Task instructions: Copy only the lines between the one containing "Indoor holiday display" and the end of the records, both included, leaving out pictures.

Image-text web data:
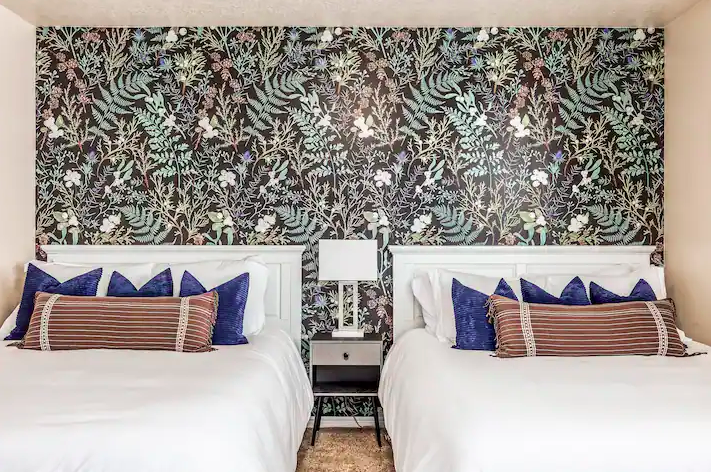 Two queen beds with white linens and decorative pillows, separated by a nightstand with a white lamp, in front of a floral wallpapered wall.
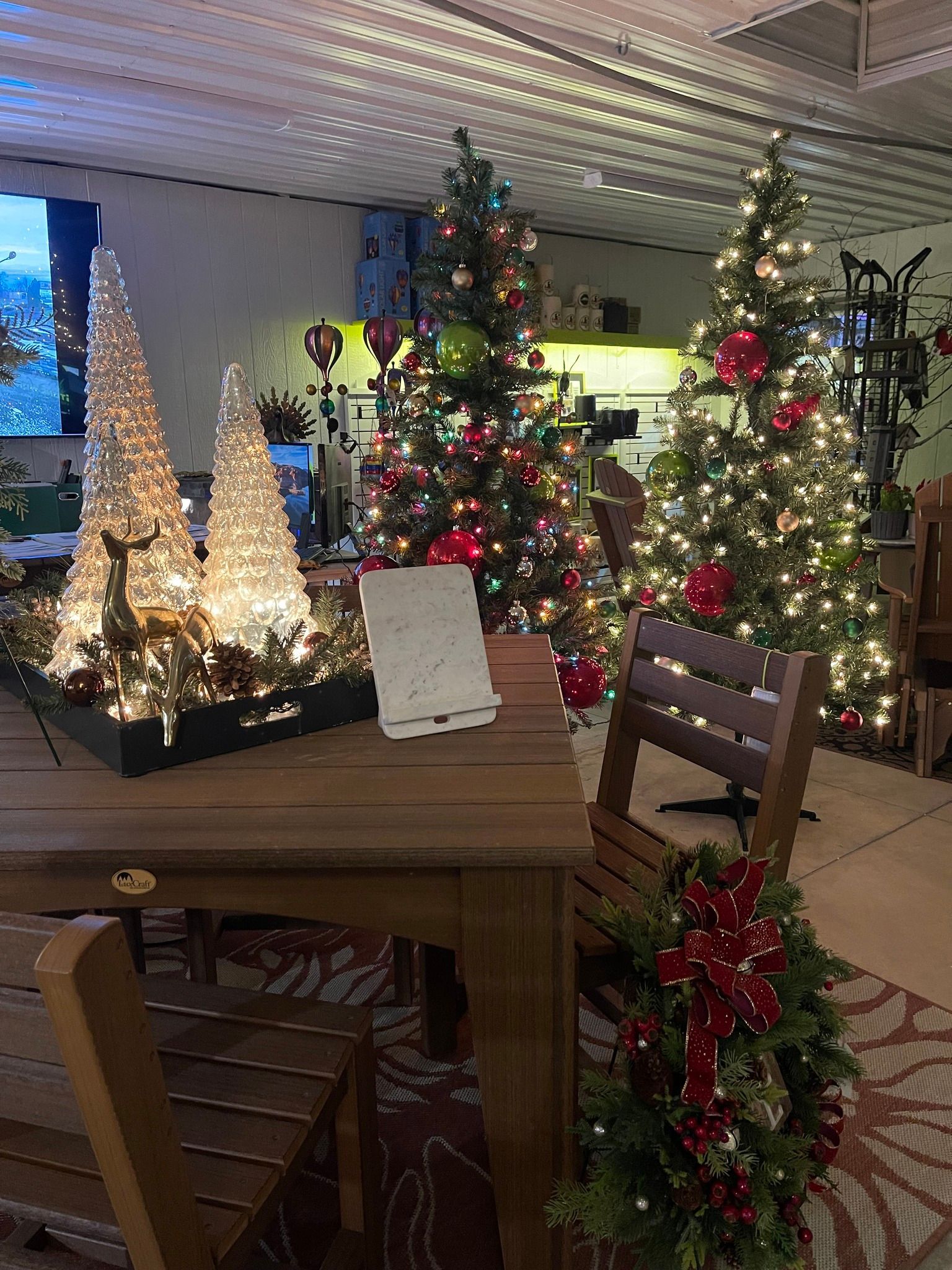 Indoor holiday display with decorated Christmas trees, lights, and a wreath-covered chair by a wooden table.
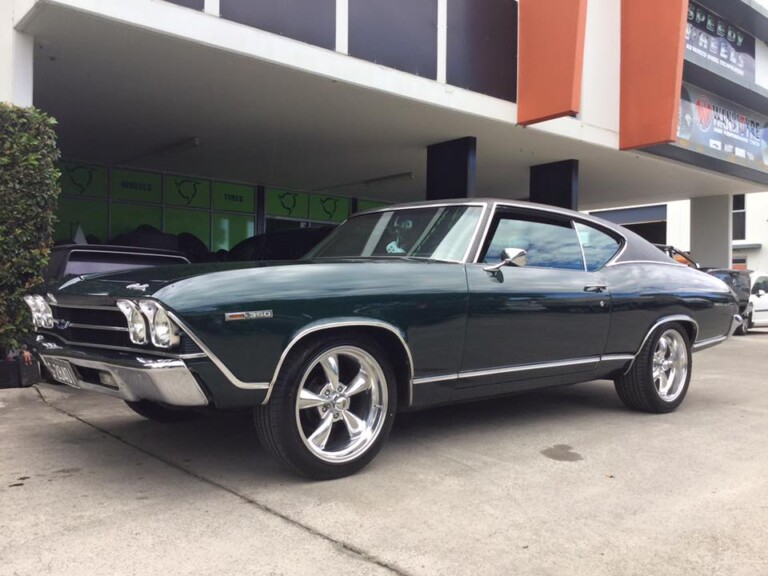 Chevy Malibu with polished 18-inch Rev Classic wheels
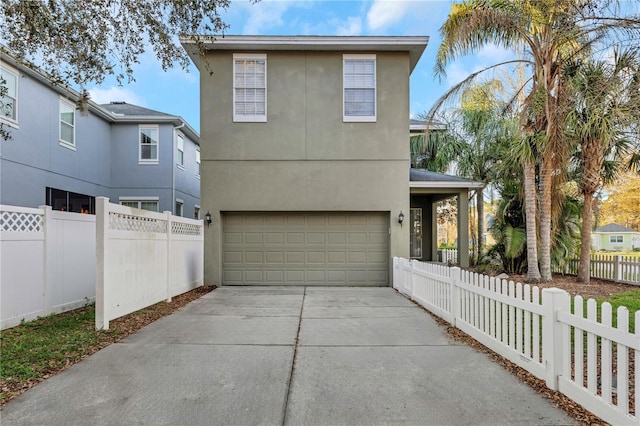 view of front of house with a fenced front yard, driveway, an attached garage, and stucco siding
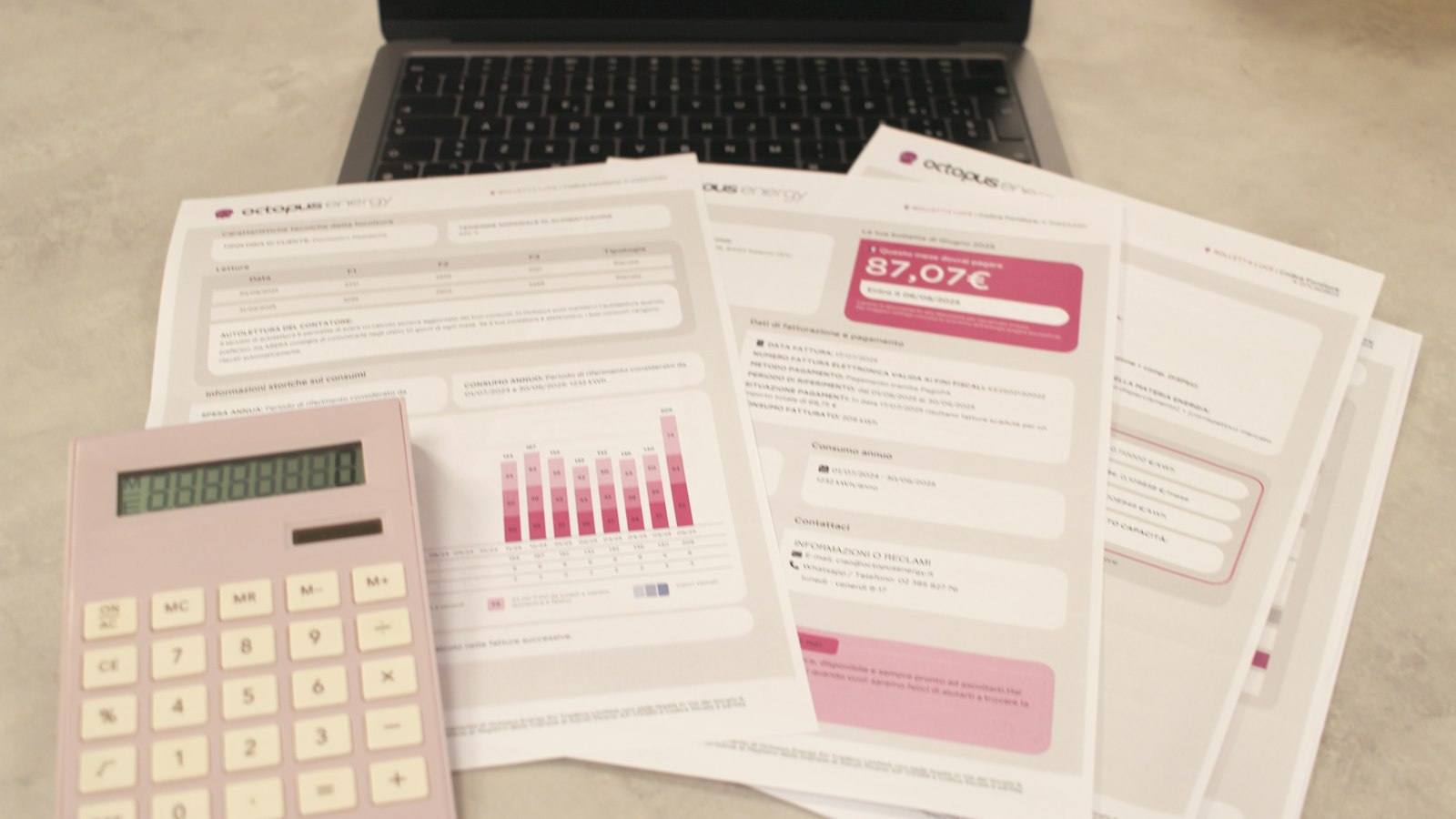 Factures papier, calculatrice et ordinateur portable sur un bureau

Answer space:
 Indoor holiday display with decorated Christmas trees, lights, and a wreath-covered chair by a wooden table.
 Chevy Malibu with polished 18-inch Rev Classic wheels
 view of front of house with a fenced front yard, driveway, an attached garage, and stucco siding
 Factures papier, calculatrice et ordinateur portable sur un bureau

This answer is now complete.